[[ DATA SECTION, beginning ]]

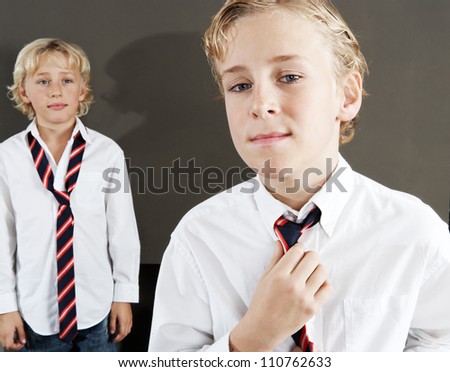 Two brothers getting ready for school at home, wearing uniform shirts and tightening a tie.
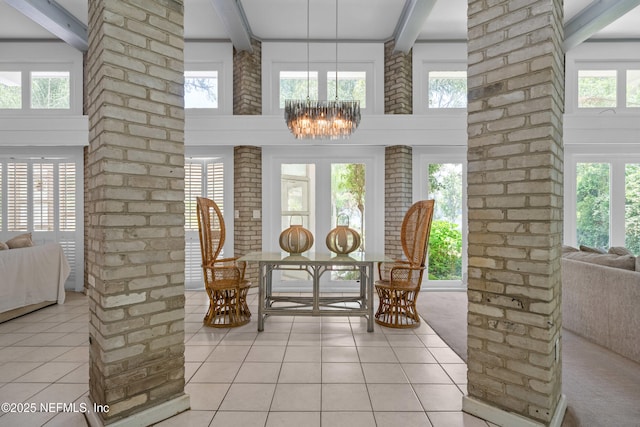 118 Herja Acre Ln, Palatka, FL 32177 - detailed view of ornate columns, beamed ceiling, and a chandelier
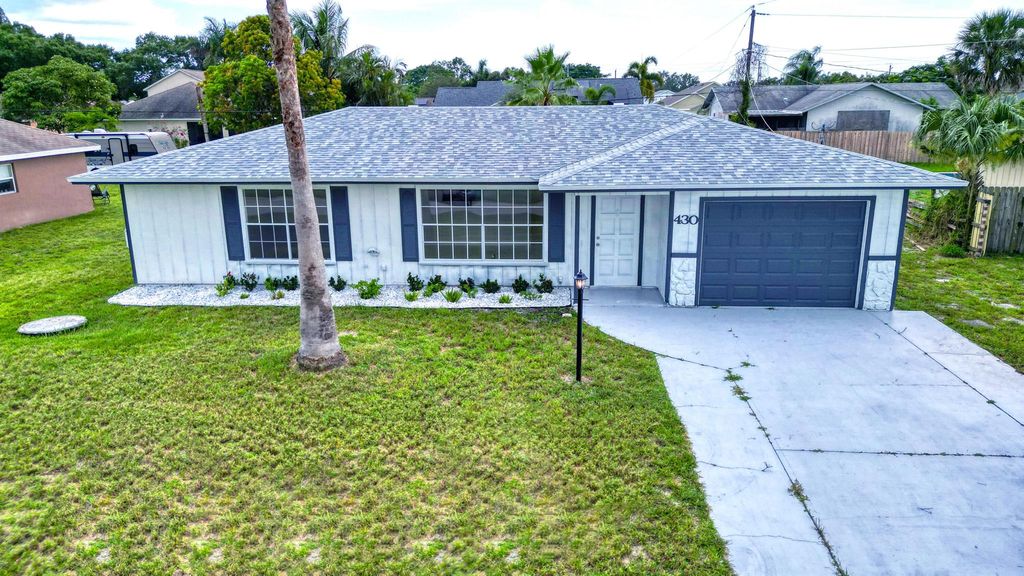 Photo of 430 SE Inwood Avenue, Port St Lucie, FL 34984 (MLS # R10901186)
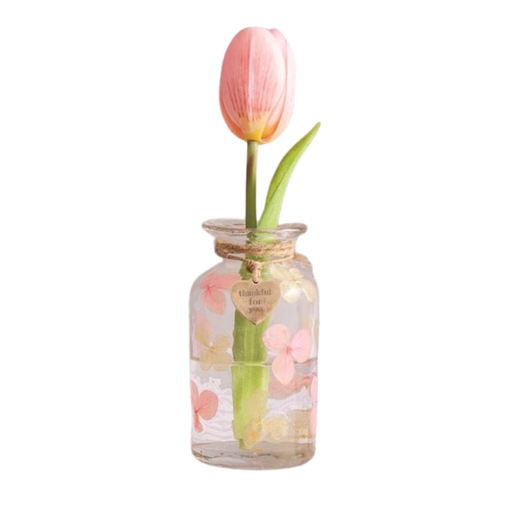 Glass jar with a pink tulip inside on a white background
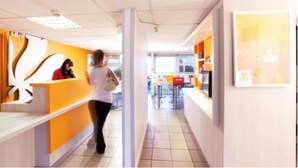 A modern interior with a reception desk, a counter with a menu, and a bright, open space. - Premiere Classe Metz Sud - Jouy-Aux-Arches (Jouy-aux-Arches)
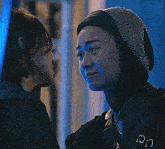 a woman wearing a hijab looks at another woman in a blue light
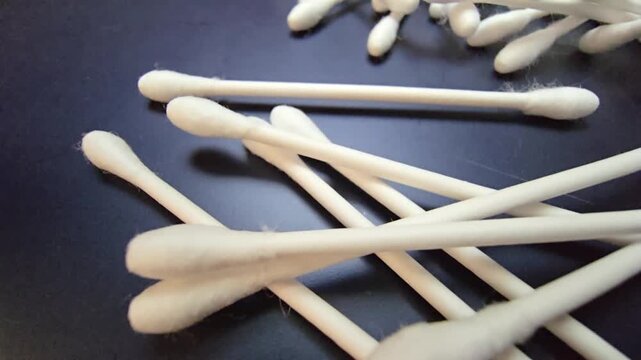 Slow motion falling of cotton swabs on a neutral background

[[ DATA SECTION, end ]]
[[ DATA SECTION, beginning ]]

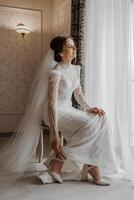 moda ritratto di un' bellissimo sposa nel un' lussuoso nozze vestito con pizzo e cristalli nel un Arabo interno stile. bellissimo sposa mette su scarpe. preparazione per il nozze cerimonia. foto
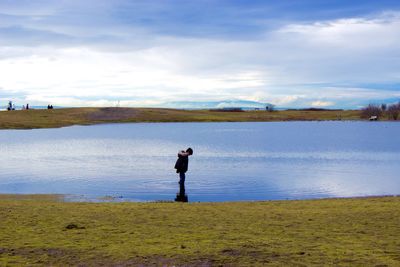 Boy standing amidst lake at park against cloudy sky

[[ DATA SECTION, end ]]
[[ DATA SECTION, beginning ]]

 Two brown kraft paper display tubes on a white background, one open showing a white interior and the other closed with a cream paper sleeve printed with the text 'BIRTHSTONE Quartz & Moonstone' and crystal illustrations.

[[ DATA SECTION, end ]]

> **EXERCISE REQUIREMENTS**
In the listing above, find the line with "Two brothers getting" and the line with "Glass jar with". Set down both and every line between them, minus the pictures.

> **SOLVED EXERCISE**
 Two brothers getting ready for school at home, wearing uniform shirts and tightening a tie.
 118 Herja Acre Ln, Palatka, FL 32177 - detailed view of ornate columns, beamed ceiling, and a chandelier
 Photo of 430 SE Inwood Avenue, Port St Lucie, FL 34984 (MLS # R10901186)
 Glass jar with a pink tulip inside on a white background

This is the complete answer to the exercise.